Data de inclusão: 12/09/2017 14:46

O longo período de calor e falta regular de chuvas já vem causando problemas em São Bento do Sul.

Nesta semana o vice-prefeito, secretário de Agricultura e secretário de Obras Márcio Dreveck falou sobre o assunto que já preocupa. Conforme explicou Márcio, "já estamos sentindo as consequências deste período seco e de calor em diversos pontos do município, desde às estradas de terra com excesso de poeira até os campos onde a produção que deveria ser semeada ainda não foi", disse.

Problema nas ruas - Contando com mais de 600 quilômetros de vias não pavimentadas por todo o município, este é um dos grandes desafios para a Secretaria de Obras.

Márcio comentou que são diversos pedidos que chegam à secretaria diariamente solicitando o caminhão pipa para molhar as ruas em virtude do excesso de pó.

"É muita poeira, e com este calor e tanto tempo sem chuvas, nem o caminhão pipa consegue mais vencer a demanda", comentou o secretário.

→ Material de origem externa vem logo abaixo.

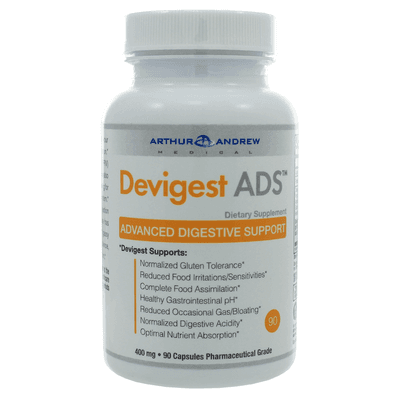 Devigest ADS (90 capsules)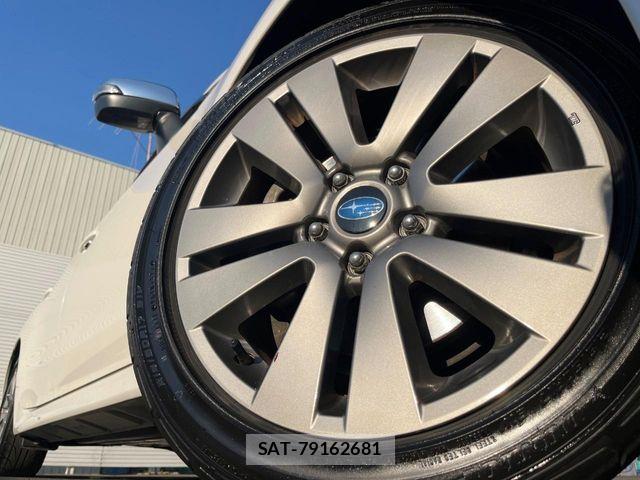 Subaru LEVORG 2015-08 7508985-11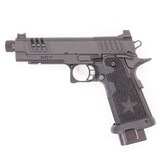 STACCATO 2011 P9MM LUGER (9X19 PARA) - 1 of 3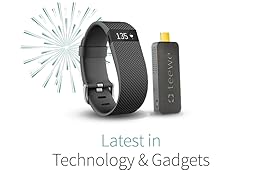 Latest in Technology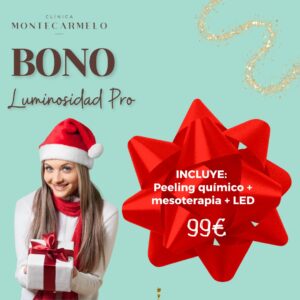 BONO LUMINOSIDAD PRO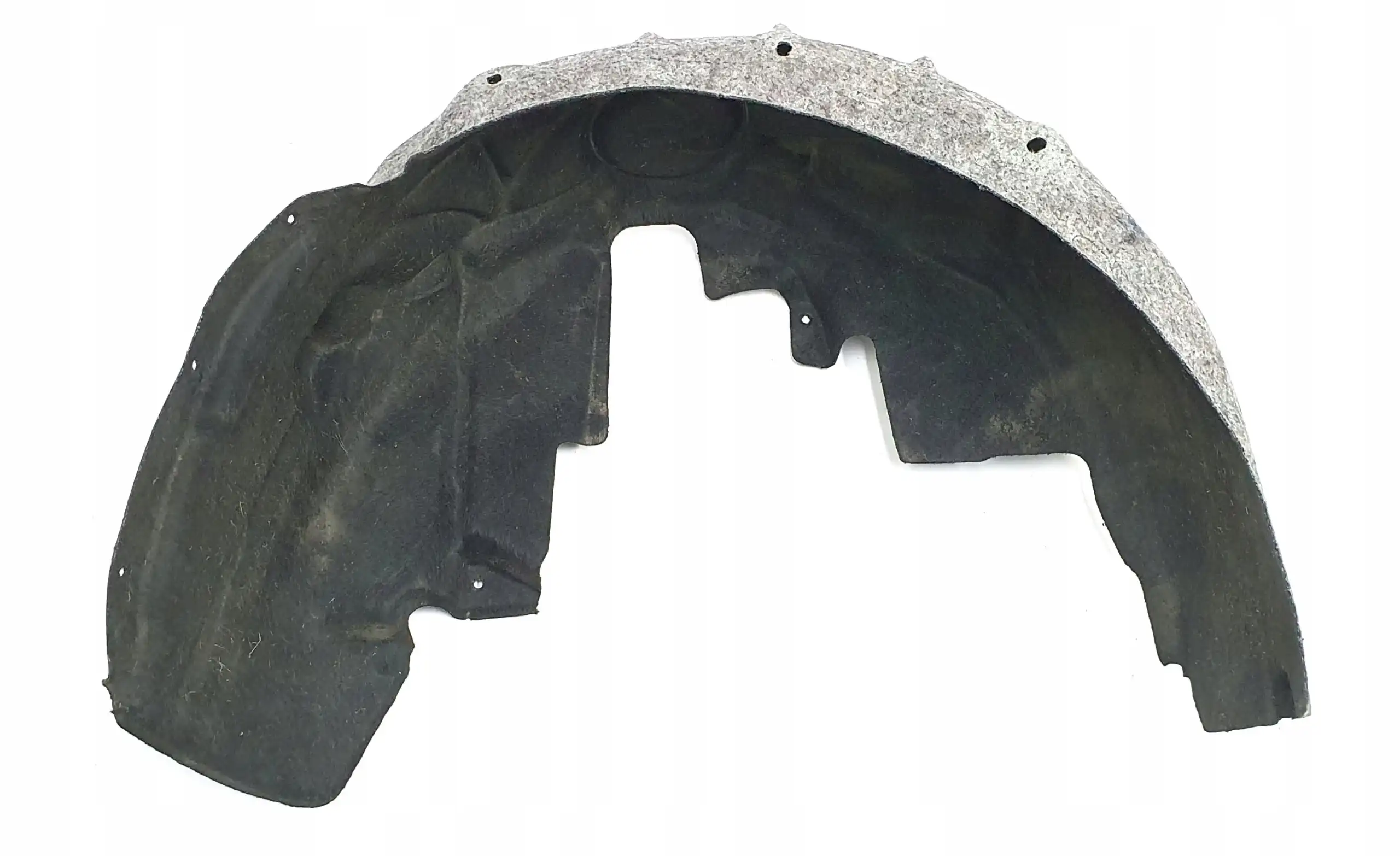 Θόλος Πλαστικός AUDI …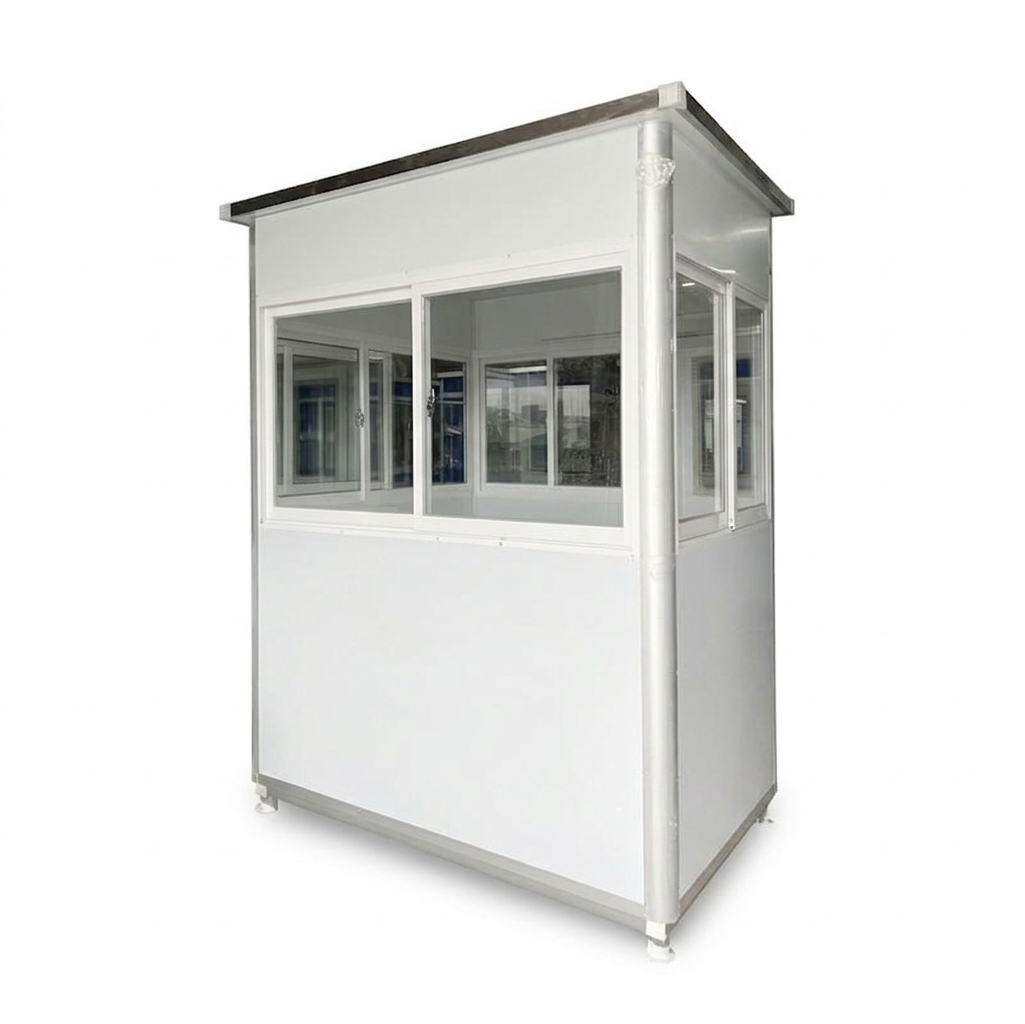 CASETA DE VIGILANCIA KZ-SLIM 230 X 130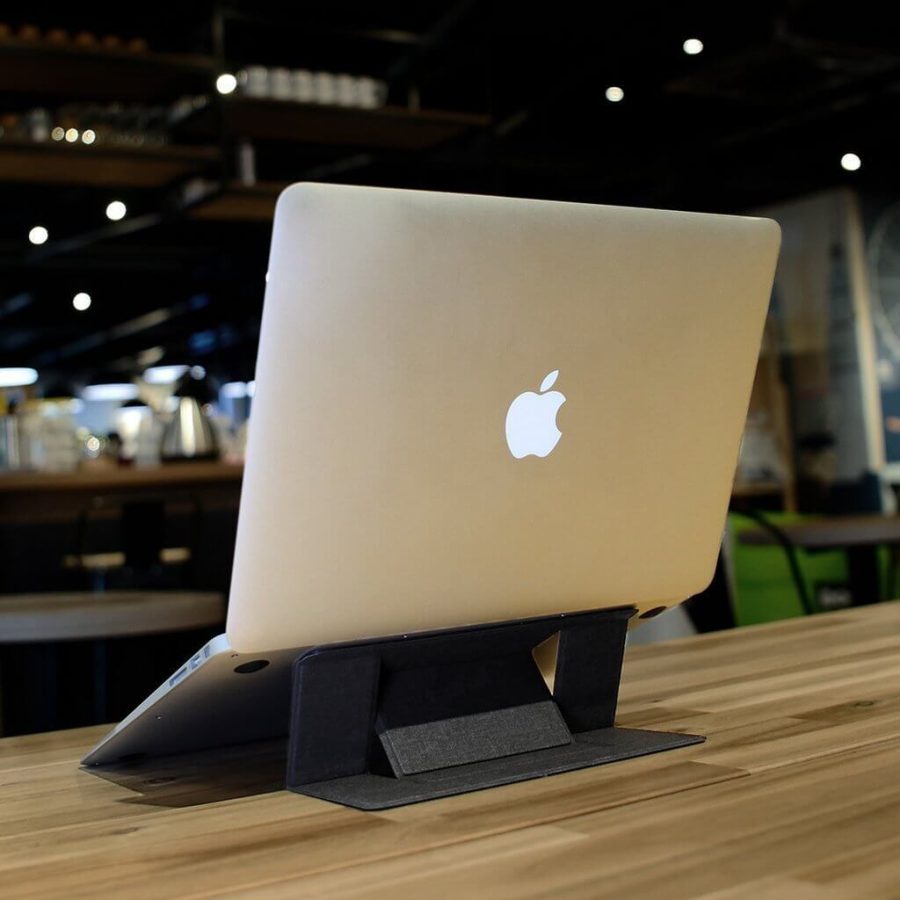 Modern Portable Laptop Stand Perfect for Travel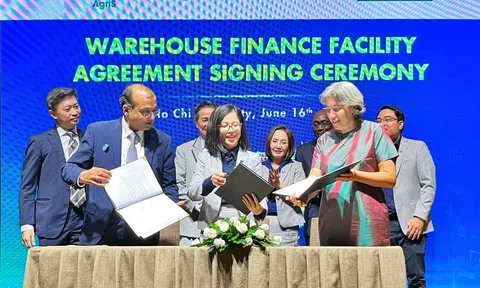 IFC đầu tư chuỗi giá trị kinh doanh nông nghiệp tại Việt Nam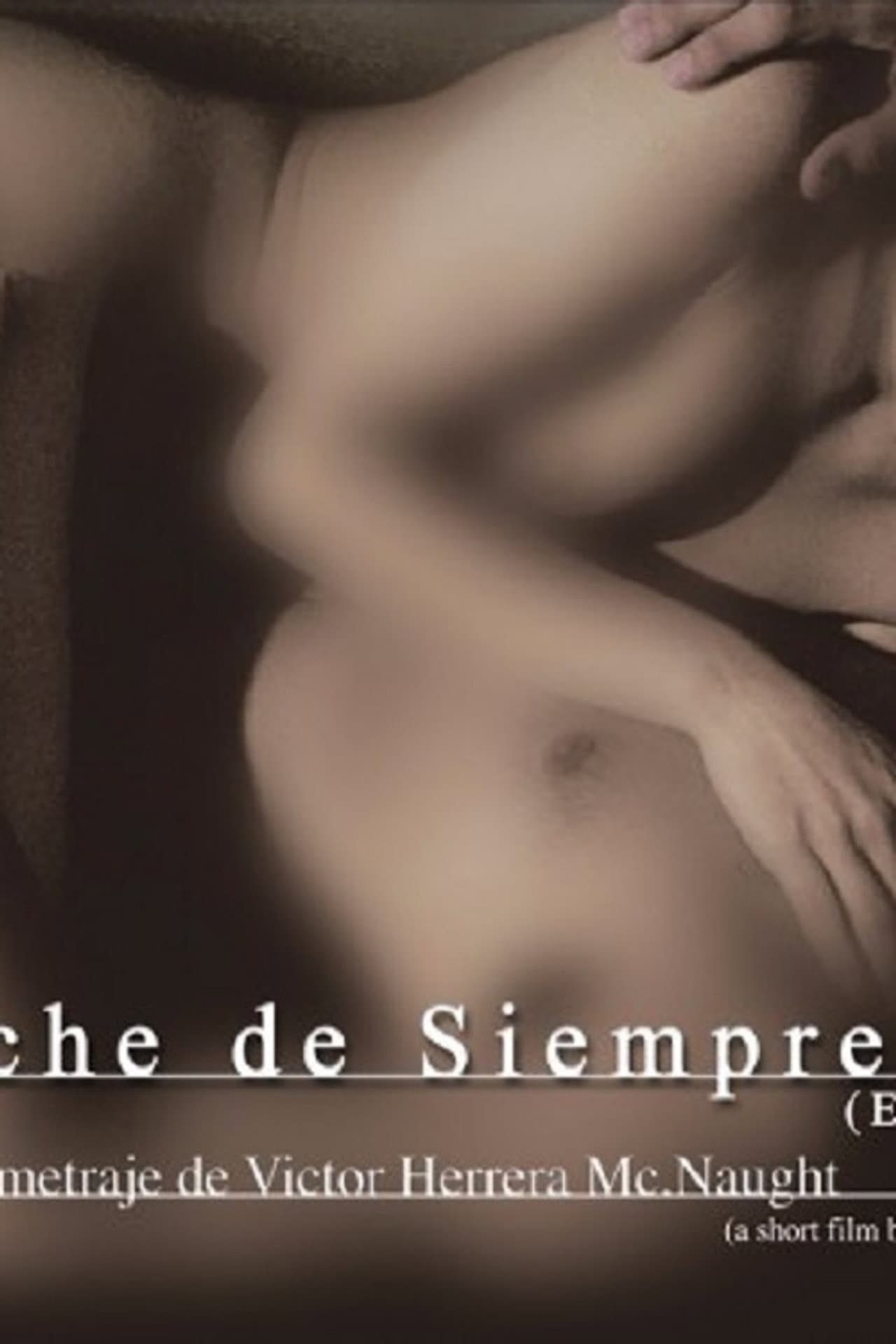 La noche de siempre preview 1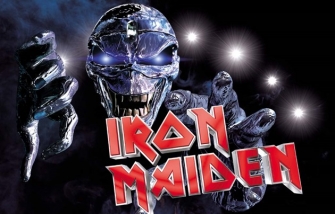 Iron Maiden Learn A Lesson From Online Piracy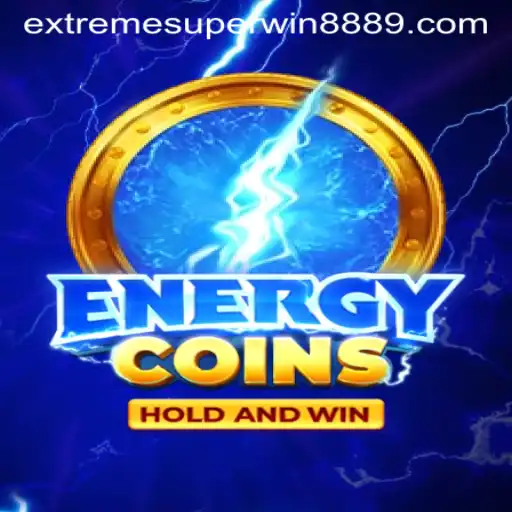 Discovering EnergyCoins: The Game That Redefines Virtual Currency with ExtremeSuperWin888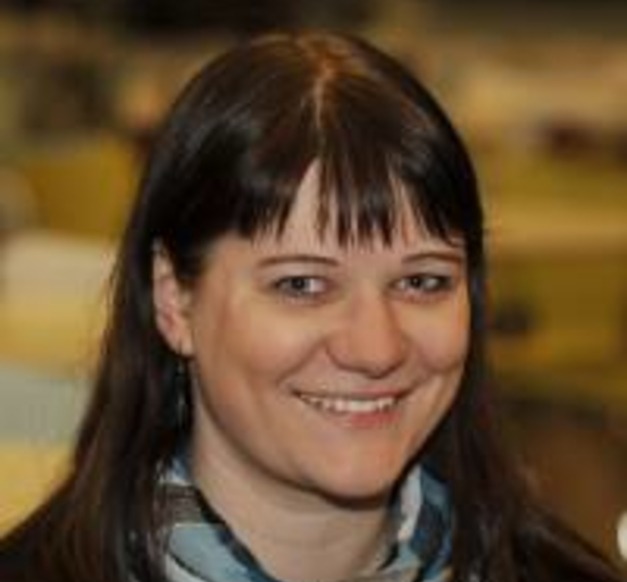 Dagbjört Guðmundsdóttir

A secretaria de Obras conta com dois caminhões pipa percorrendo as vias diariamente, mas como comentou Márcio, "a demanda está realmente além de nossa capacidade por não possuirmos tantos equipamentos", disse.

Quanto ao trabalho de molhar as vias, a prioridade são as vias utilizadas como ligação entre bairros, vias que contam com estruturas públicas como creches, escolas e unidades de saúde, além de vias com tráfego intenso de veículos e transporte coletivo.

As demais ruas cuja população registra a solicitação através da secretaria de Obras são atendidas na medida do possível.

"O problema é que como as vias estão muito secas e com uma camada de alguns centímetros de pó, o que molhamos já está seco praticamente uma hora depois, e em muitos trechos a água praticamente não consegue penetrar no pó para encharcar o solo", explicou Márcio Dreveck.

Abastecimento prejudicado - Outro problema que já começou a surgir foi a redução do nível de água em alguns dos pontos onde o caminhão pipa retira água para seu abastecimento.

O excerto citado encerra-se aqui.